Chris Tynan
- Born: Christopher James Calhoun Tynan July 11, 1966 (age 60) Vancouver, British Columbia, Canada
- Height: 5 ft 9 in (175 cm)
- Weight: 175 lb (79 kg)
- University: University of British Columbia

Rugby union career
- Position: Scrum-half

Senior career
- Years: Team / Apps / (Points)
- 1987–1998: Meraloma Rugby
- 1993: Cambridge University

International career
- Years: Team / Apps / (Points)
- 1987–1998: Canada / 20 / (18)

= Chris Tynan =

Canada international rugby union player

Christopher James Calhoun Tynan (born July 11, 1966) is a Canadian former rugby union player who played as scrum-half.

==Career==
Tynan played rugby union for Meraloma at club level. He debuted for Canada on 14 November 1987, against United States, in Victoria.
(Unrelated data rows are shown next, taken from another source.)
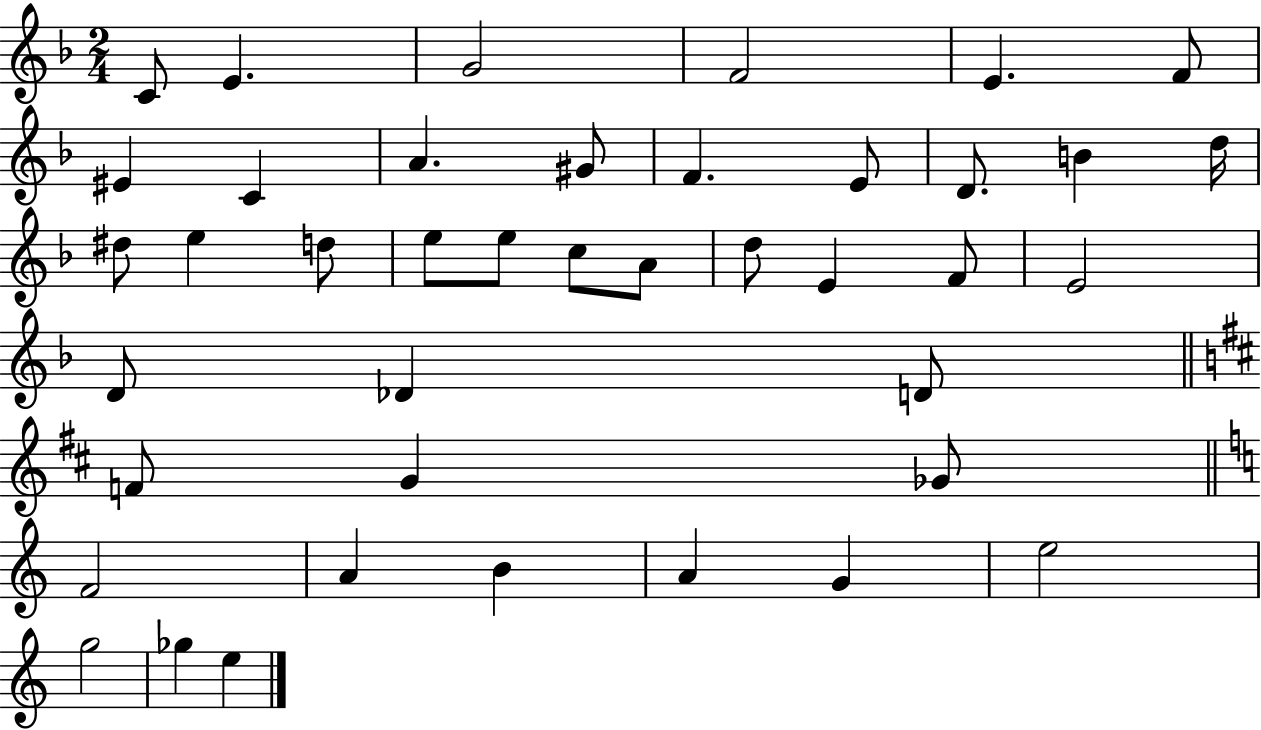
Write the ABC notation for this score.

X:1
T:Untitled
M:2/4
L:1/4
K:F
C/2 E G2 F2 E F/2 ^E C A ^G/2 F E/2 D/2 B d/4 ^d/2 e d/2 e/2 e/2 c/2 A/2 d/2 E F/2 E2 D/2 _D D/2 F/2 G _G/2 F2 A B A G e2 g2 _g e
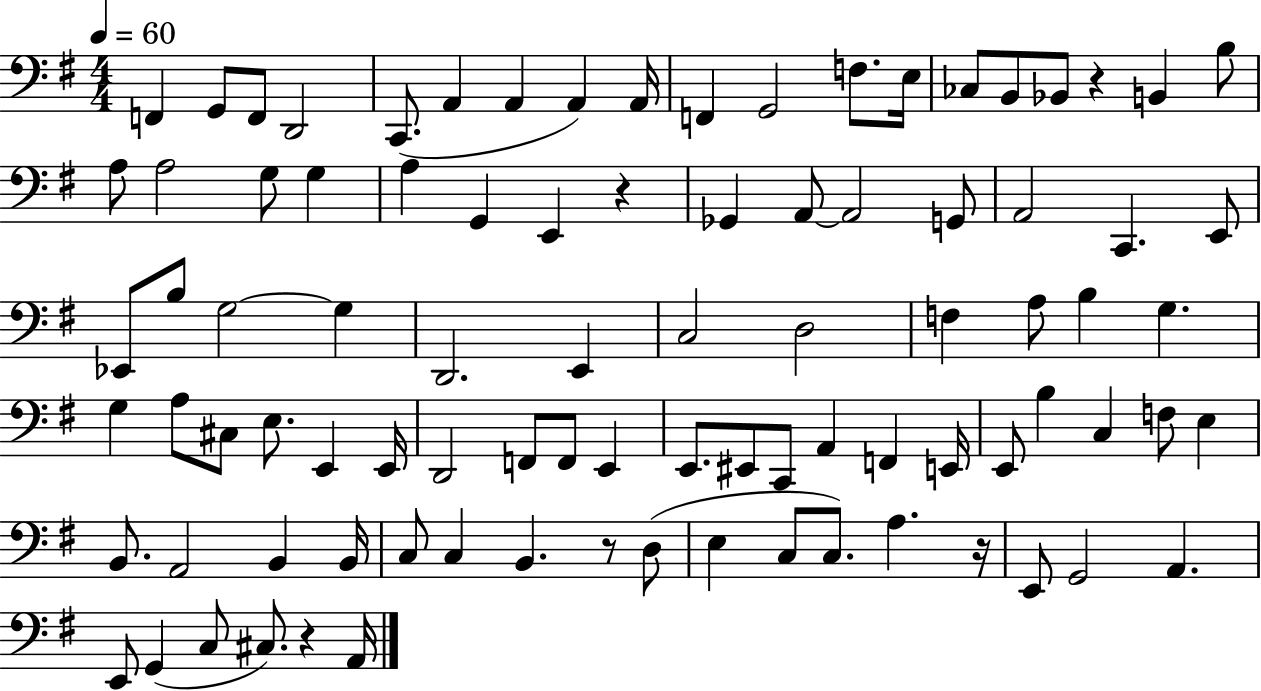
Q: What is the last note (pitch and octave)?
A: A2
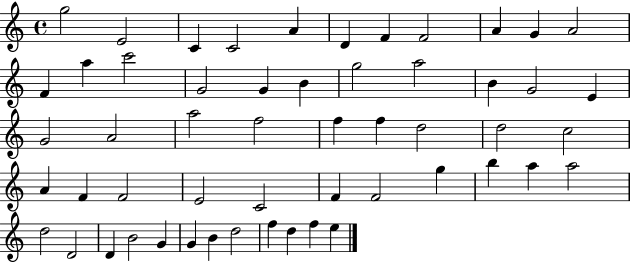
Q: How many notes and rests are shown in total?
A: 54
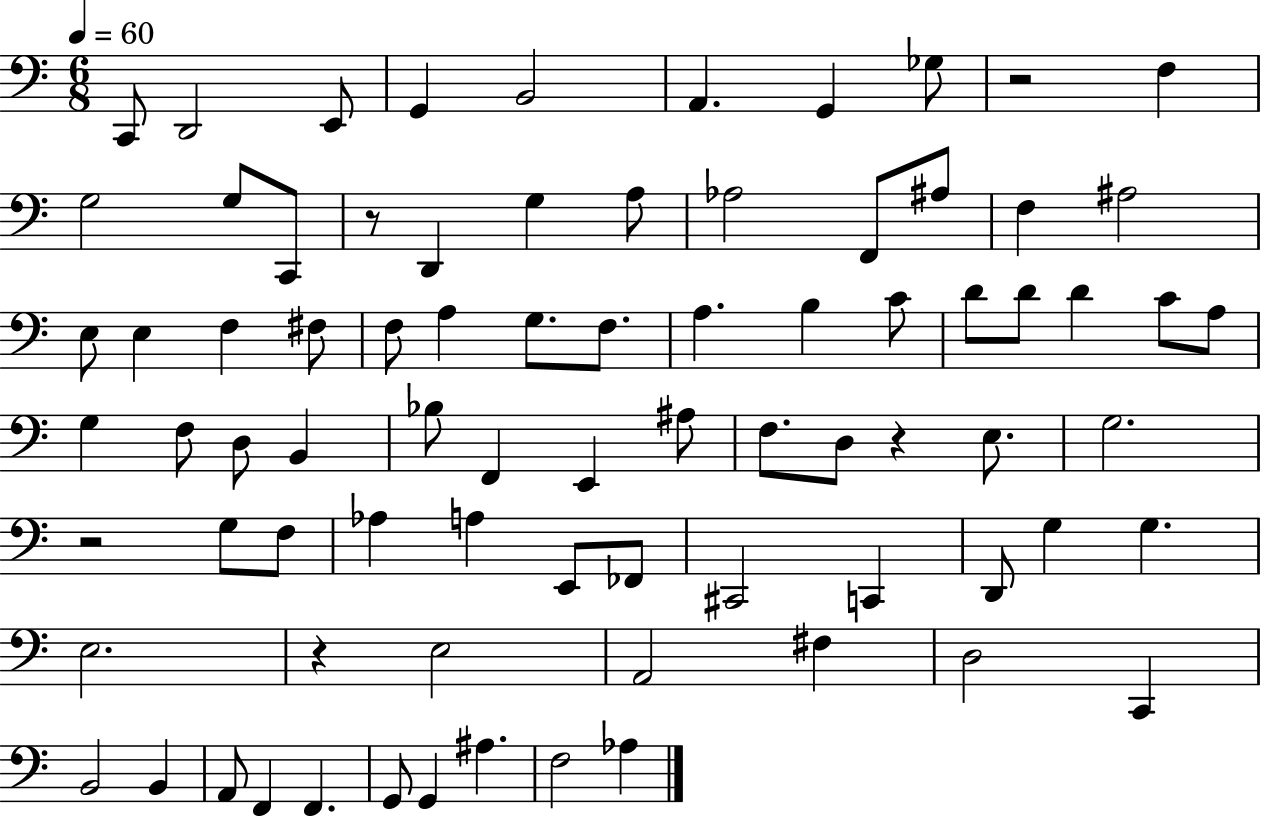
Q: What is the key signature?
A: C major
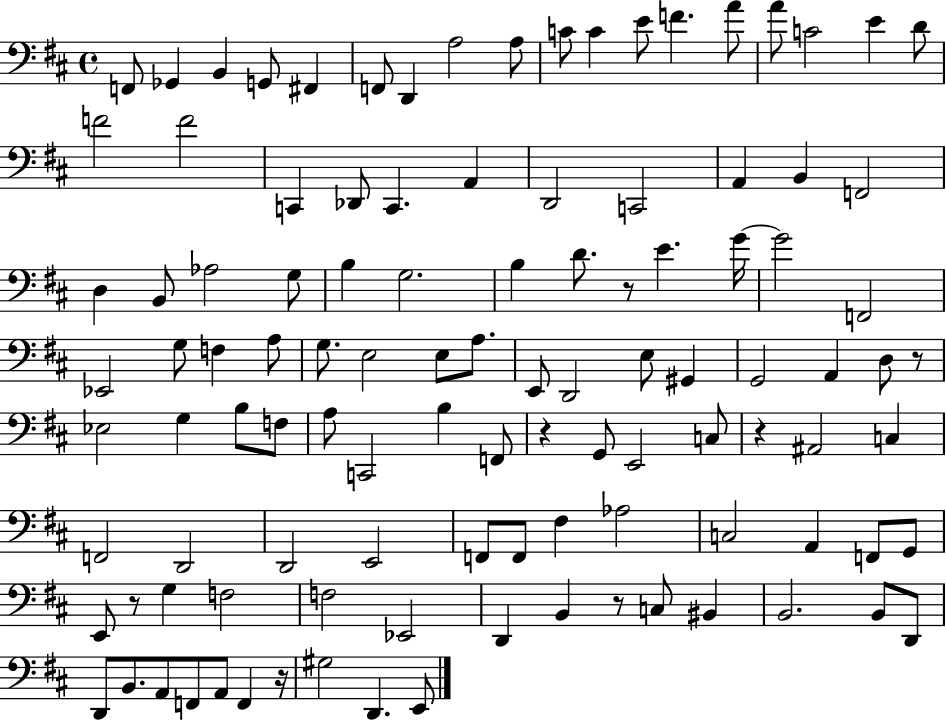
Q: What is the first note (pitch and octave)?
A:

He was also called up in the Canada 1991 Rugby World Cup squad, where he played three matches in the tournament. Tynan also played in The Varsity Match for Cambridge, which he won in 1993. Although not being anymore called up in the Canada squad in the 1995 Rugby World Cup, Tynan still played for Canada until his last test cap on 6 June 1998, against United States, in Burlington.